Tolerances and Specs by Tape Type

Achievable tolerance on a die-cut tape part depends on the cutting method and, more than anything, the construction. The process numbers are the same as for any die cutting; the construction sets where in the range a given part lands.

By Method

Flatbed die cutting presses a steel-rule die into the material and holds ±0.1–0.2 mm (±0.004–0.008") on most tape constructions. It is the choice for lower volumes, prototypes, and parts with internal geometry. Rotary die cutting feeds material through a cylindrical die and runs far faster at higher volumes, typically holding ±0.2–0.3 mm — the economical method for simple shapes above roughly 50,000 parts per run.

By Construction

Stable film constructions — single-coated PET and polyimide, double-coated with a film carrier — hold the tight end of the range and convert to precise, repeatable parts. Unsupported transfer tape and very thin films land toward the loose end because the unsupported adhesive can relax after cutting; plan for ±0.2–0.3 mm on 1–2 mil transfer tape. Foam and VHB constructions carry the widest bands because the compressible core is cut under elastic compression and measured after it recovers, scaling with core thickness. If your part needs tighter than ±0.1 mm, raise it with the converter before the design is locked — material and method may need to change.

How to Request Die-Cut Tape Parts

To get an accurate quote on technical die-cut tape parts, send the construction, the shape, and the volume. Specifically: the tape construction or function (single-coated mask, transfer-tape bond, foam gasket, polyimide insulator, EMI shield — or describe the job and let the converter specify); the part geometry as a DXF, dimensioned PDF, or even a measured sketch; whether you need a kiss cut on a liner or fully cut parts; and prototype plus target production quantities.

You do not need a finished engineering drawing to start. A sample of your current hand-cut part, or a description of the substrate and environment — temperature, sealing, conduction, masking — gives a converting team enough to recommend the construction, formalize the geometry, and confirm tolerances before any tooling is cut.
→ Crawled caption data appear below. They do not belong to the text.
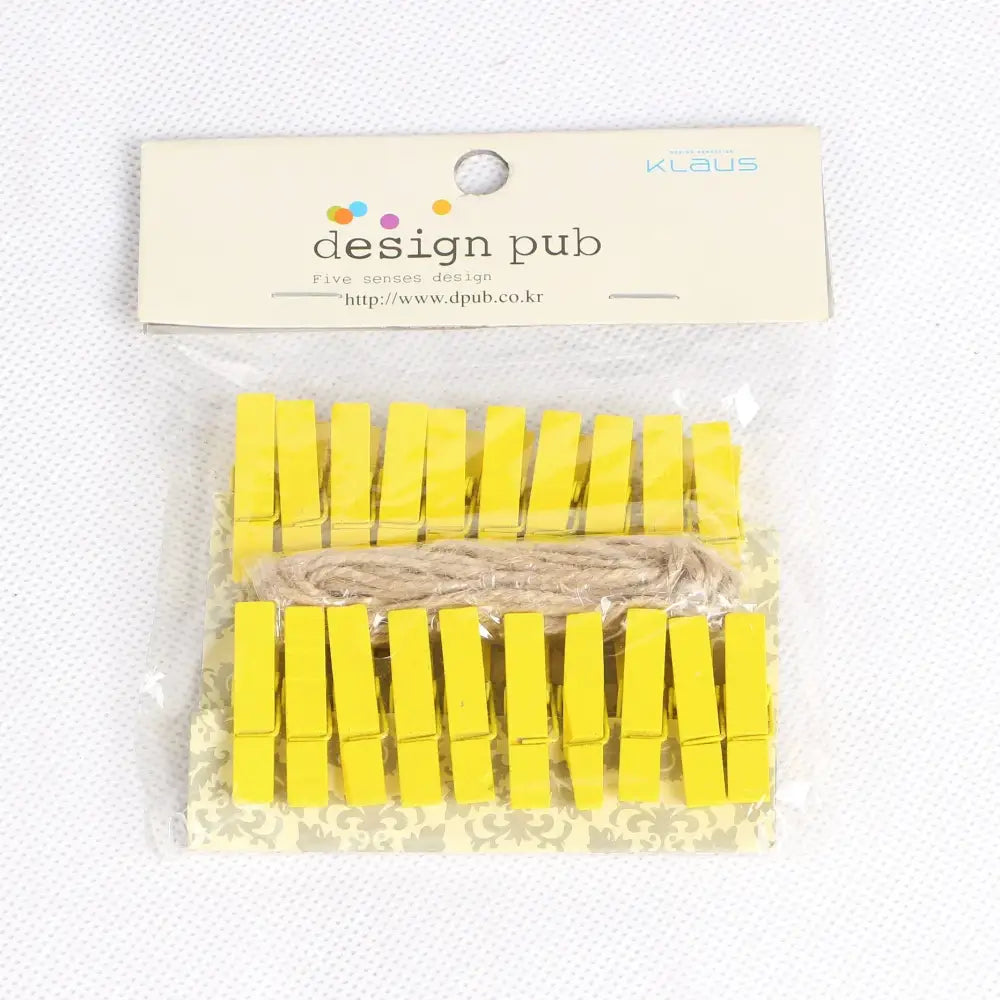 Bright yellow mini wooden clips packaged with twine spool for assorted colorful heart mini wooden clips photo decor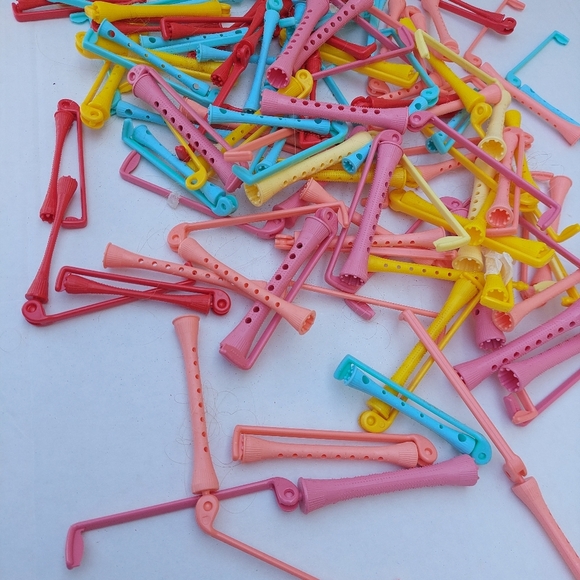 Colorful Vintage Hair Curlers Set ROLLERS Old School - Picture 2 of 4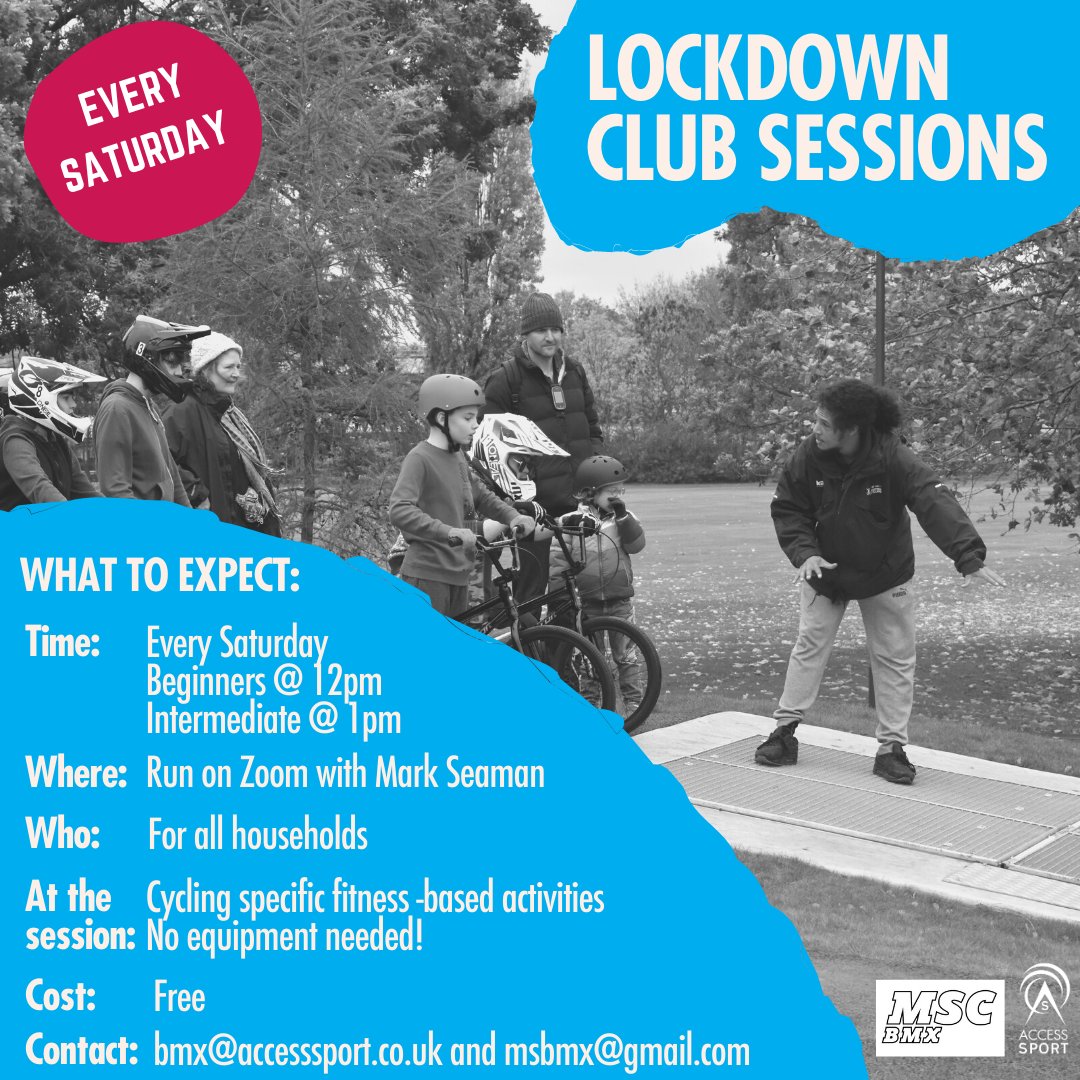 Join us online tomorrow for some fun fitness based activities at our Lockdown Club Session, run by Coach Mark Seaman.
Frequently Asked Questions

What is die cutting of tapes?

Die cutting of tapes is the converting of pressure-sensitive adhesive tape from jumbo rolls into precision parts of a defined shape, using a shaped cutting die. The output is a ready-to-apply adhesive component — a gasket, mounting pad, insulating washer, shielding strip — that is identical part to part and delivered on a liner for peel-and-place application. It differs from ordinary cutting because the tape's adhesive is exposed at the cut edge and the liner must survive cutting, so controlling the adhesive and liner is as important as cutting the shape.

Can any tape be die-cut?

Almost any pressure-sensitive tape construction can be die-cut — single-coated, adhesive transfer, double-coated, foam and VHB, polyimide (Kapton), and conductive/EMI tapes all convert into die-cut parts. The construction determines how easily it cuts and what tolerance it holds: stable film tapes die-cut precisely, while unsupported transfer tapes and compressible foams require more process control and hold looser tolerances. The practical approach is to choose the construction the application needs, then confirm geometry and tolerance with the converter.
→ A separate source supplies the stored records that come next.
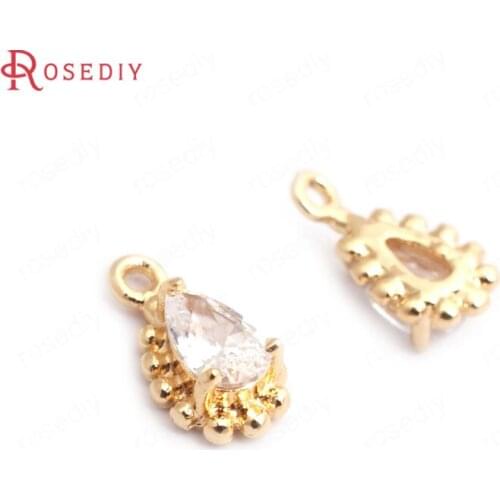 F010)10 pieces 9x5mm 24K Gold Color White Zircon Brass Drop Shape Charms Pendants High Quality Diy Jewelry Findings Accessories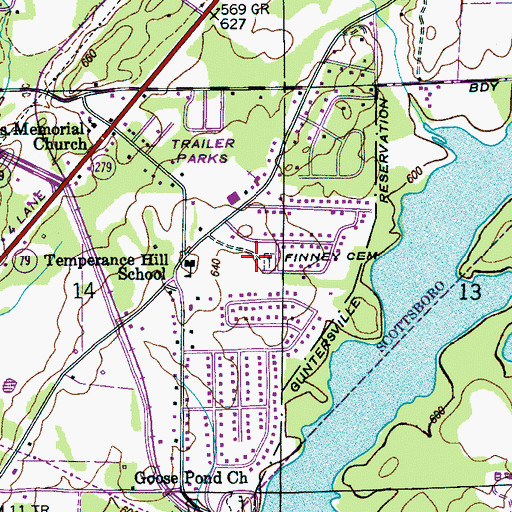 Topographic Map of Finney Cemetery, AL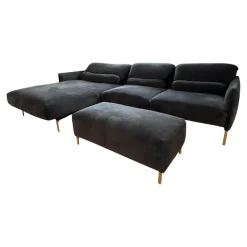 Ecksofa Avalanche Stoff 8145 Dunkelgrau mit 3 Lendenrollen und einem Hocker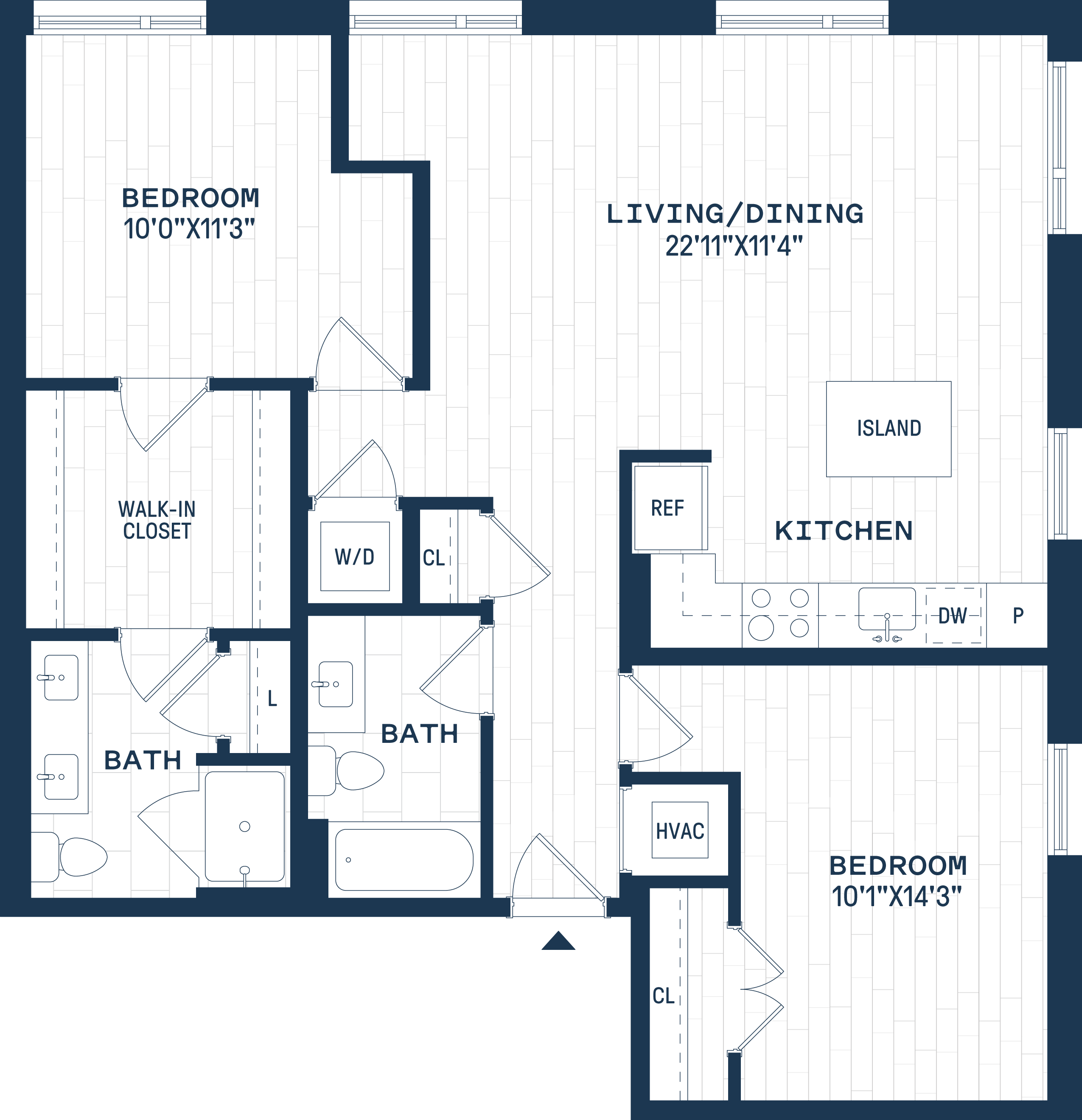 the floor plan of a bedroom apartment with a bathroom and a living room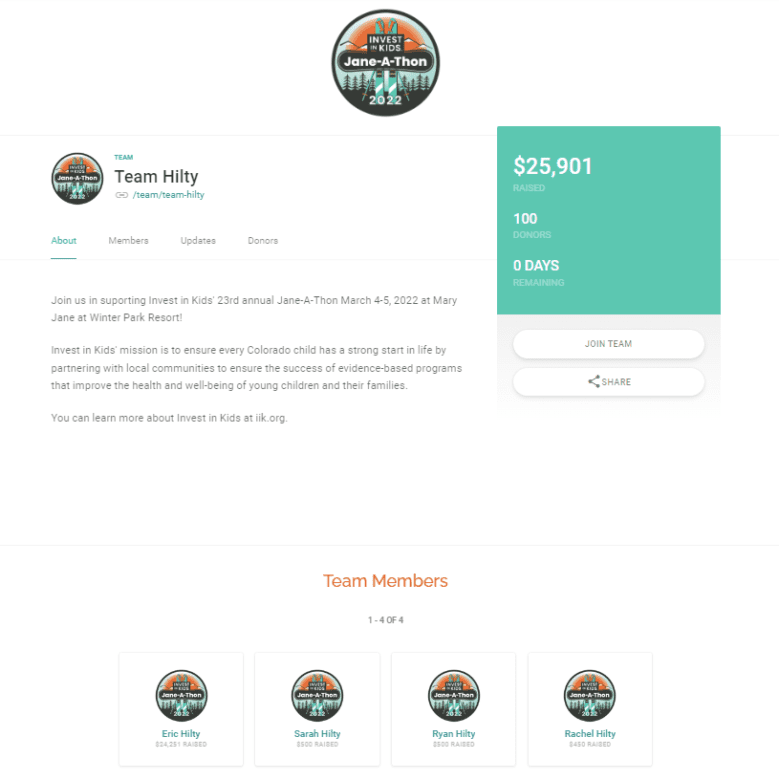 team-fundraising-page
What is the difference between a kiss cut and a through cut on tape?

A through cut severs the entire tape including the liner, producing fully separated parts. A kiss cut cuts through the adhesive and any carrier but not the release liner, so each part stays on the liner web and can be peeled off one at a time for application. Kiss cutting on a liner roll is the most common delivery format for die-cut tape parts because it lets an operator peel and place a part without touching the adhesive face.
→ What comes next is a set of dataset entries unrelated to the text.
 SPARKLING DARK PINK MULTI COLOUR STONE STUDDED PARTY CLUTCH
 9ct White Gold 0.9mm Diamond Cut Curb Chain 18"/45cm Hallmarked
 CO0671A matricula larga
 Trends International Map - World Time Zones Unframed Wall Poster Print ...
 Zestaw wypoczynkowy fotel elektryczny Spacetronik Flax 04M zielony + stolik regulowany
What tolerance can be held on a die-cut tape part?

Flatbed die cutting holds ±0.1–0.2 mm on most tape constructions; rotary die cutting typically holds ±0.2–0.3 mm at higher volumes. Construction sets where in that range a part lands: stable film tapes (PET, polyimide, film-carrier double-coated) hold the tight end, unsupported transfer tape and very thin films land looser, and foam/VHB tapes carry the widest bands because the compressible core is cut under elastic compression and measured after it recovers. For most sealing, bonding, and masking applications the functional tolerance needed is wider than what die cutting achieves.

Which tape construction should I choose for a die-cut part?

Match the construction to the function. Use single-coated tape for masking, surface protection, and insulating patches; adhesive transfer tape for ultra-thin bonds with no visible bond line; double-coated tape for thin flat-to-flat mounting; foam or VHB tape for gasketing, gap-filling, sealing, and structural bonding that replaces fasteners; polyimide (Kapton) tape for high-temperature masking and dielectric insulation; and conductive/EMI tape for shielding and grounding. If you are unsure, describe the substrate, environment, and function, and the converter will recommend the construction.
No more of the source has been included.